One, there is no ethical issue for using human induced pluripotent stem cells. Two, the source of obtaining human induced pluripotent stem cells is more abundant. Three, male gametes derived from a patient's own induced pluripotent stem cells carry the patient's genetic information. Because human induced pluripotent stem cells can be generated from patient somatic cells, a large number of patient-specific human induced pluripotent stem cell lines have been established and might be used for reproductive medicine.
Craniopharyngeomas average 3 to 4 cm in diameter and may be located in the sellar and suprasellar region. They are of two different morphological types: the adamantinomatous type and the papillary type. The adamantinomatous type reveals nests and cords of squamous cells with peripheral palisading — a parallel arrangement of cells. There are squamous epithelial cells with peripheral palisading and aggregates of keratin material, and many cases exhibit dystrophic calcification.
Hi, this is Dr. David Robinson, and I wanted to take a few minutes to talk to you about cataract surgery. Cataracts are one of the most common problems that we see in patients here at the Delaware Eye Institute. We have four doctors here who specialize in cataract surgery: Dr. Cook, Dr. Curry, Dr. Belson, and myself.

...

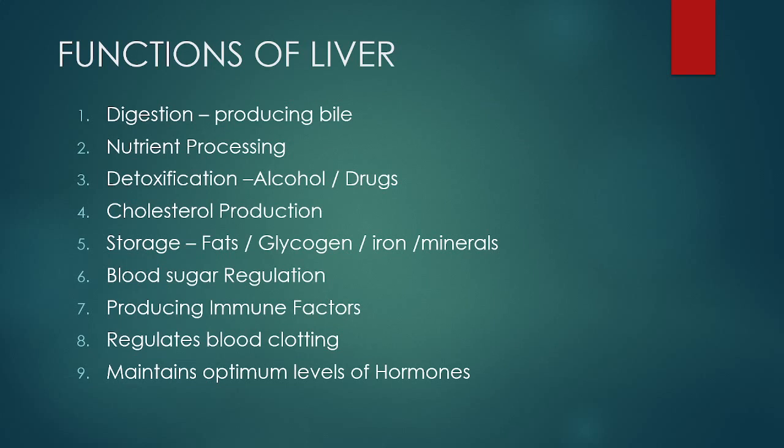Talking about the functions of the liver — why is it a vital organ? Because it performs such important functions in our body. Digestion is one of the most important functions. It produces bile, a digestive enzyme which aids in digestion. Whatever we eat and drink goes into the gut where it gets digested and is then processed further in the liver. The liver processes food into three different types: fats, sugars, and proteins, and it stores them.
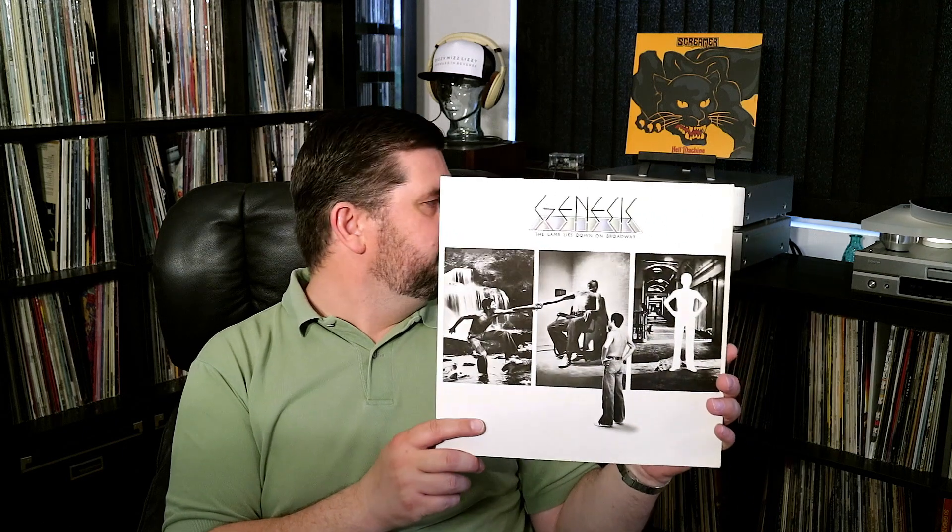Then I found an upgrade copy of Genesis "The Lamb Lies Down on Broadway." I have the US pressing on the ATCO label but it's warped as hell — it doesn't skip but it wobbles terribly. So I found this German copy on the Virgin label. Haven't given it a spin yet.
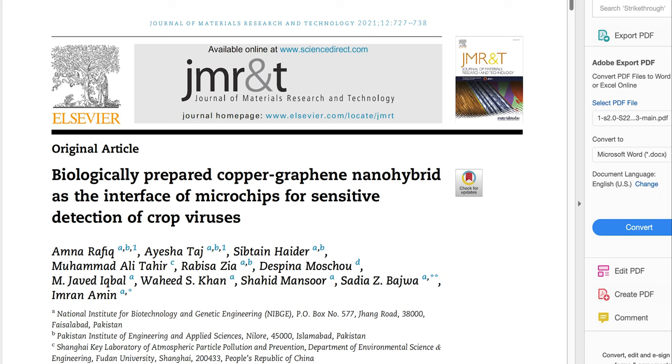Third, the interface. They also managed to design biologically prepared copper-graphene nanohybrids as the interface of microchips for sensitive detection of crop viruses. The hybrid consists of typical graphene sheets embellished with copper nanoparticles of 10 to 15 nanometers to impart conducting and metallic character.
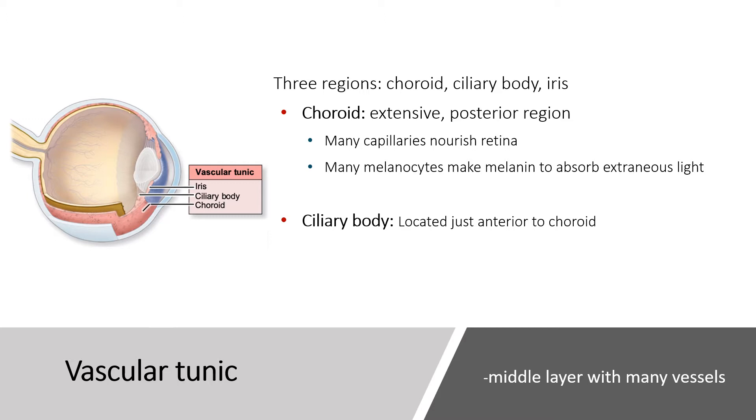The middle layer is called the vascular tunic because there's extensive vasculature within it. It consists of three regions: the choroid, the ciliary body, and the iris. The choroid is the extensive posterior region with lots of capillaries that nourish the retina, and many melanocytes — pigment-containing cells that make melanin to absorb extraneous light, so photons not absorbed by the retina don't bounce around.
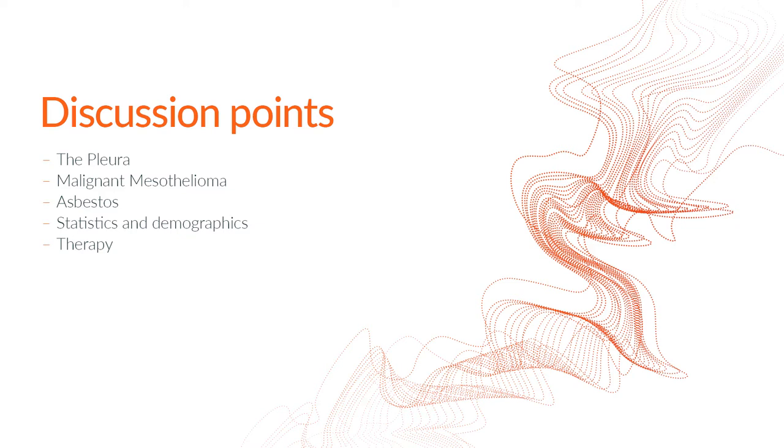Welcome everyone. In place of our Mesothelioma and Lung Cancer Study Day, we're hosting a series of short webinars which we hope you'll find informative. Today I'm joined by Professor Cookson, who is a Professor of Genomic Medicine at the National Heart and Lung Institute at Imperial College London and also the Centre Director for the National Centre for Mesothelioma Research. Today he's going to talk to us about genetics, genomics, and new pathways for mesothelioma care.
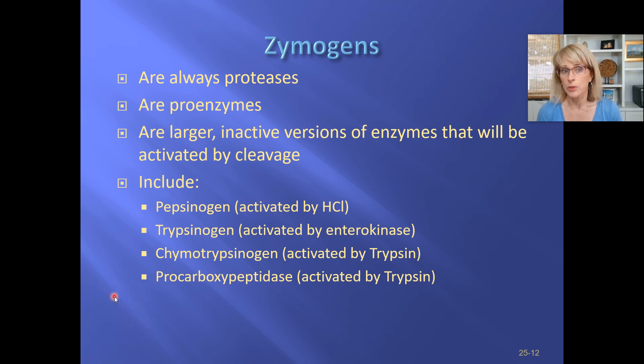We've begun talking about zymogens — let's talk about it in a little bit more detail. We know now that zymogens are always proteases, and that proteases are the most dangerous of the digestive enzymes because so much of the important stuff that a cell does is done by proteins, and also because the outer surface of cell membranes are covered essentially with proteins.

Required action: For the entries above, print exactly the lines between the one with "The middle layer" and the one with "We've begun talking", inclusive, with no pictures.

Final answer:
The middle layer is called the vascular tunic because there's extensive vasculature within it. It consists of three regions: the choroid, the ciliary body, and the iris. The choroid is the extensive posterior region with lots of capillaries that nourish the retina, and many melanocytes — pigment-containing cells that make melanin to absorb extraneous light, so photons not absorbed by the retina don't bounce around.
Welcome everyone. In place of our Mesothelioma and Lung Cancer Study Day, we're hosting a series of short webinars which we hope you'll find informative. Today I'm joined by Professor Cookson, who is a Professor of Genomic Medicine at the National Heart and Lung Institute at Imperial College London and also the Centre Director for the National Centre for Mesothelioma Research. Today he's going to talk to us about genetics, genomics, and new pathways for mesothelioma care.
We've begun talking about zymogens — let's talk about it in a little bit more detail. We know now that zymogens are always proteases, and that proteases are the most dangerous of the digestive enzymes because so much of the important stuff that a cell does is done by proteins, and also because the outer surface of cell membranes are covered essentially with proteins.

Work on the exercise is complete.